Task material:
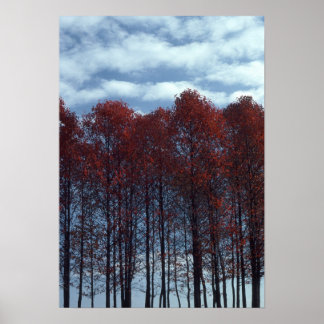 Sourwood Träd Bild Poster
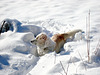 Someone asked what Archie is doing in the snow?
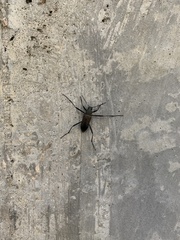 Stenochiini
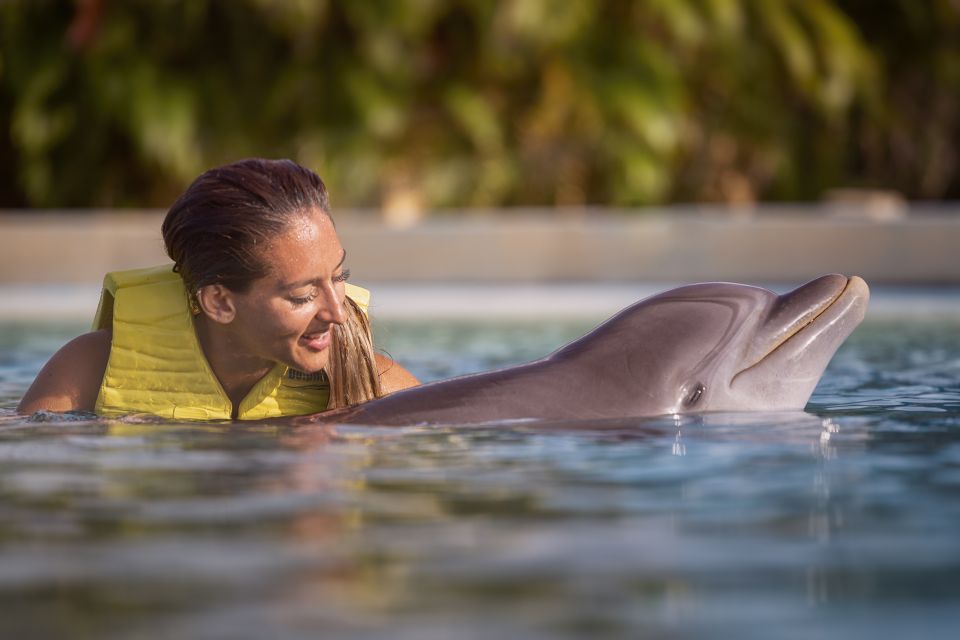 Dolphin Connection Riviera Maya: Dolphin Connection - Experience Highlights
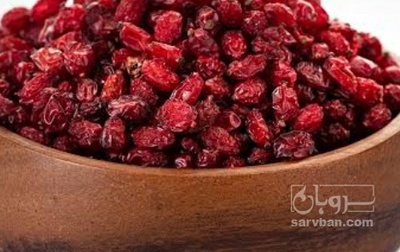 فروش زرشک اناری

Instructions to follow: Please return each line of the listing exactly as written, excluding the images.

Exercise response:
 Sourwood Träd Bild Poster
 Someone asked what Archie is doing in the snow?
 Stenochiini
 Dolphin Connection Riviera Maya: Dolphin Connection - Experience Highlights
 فروش زرشک اناری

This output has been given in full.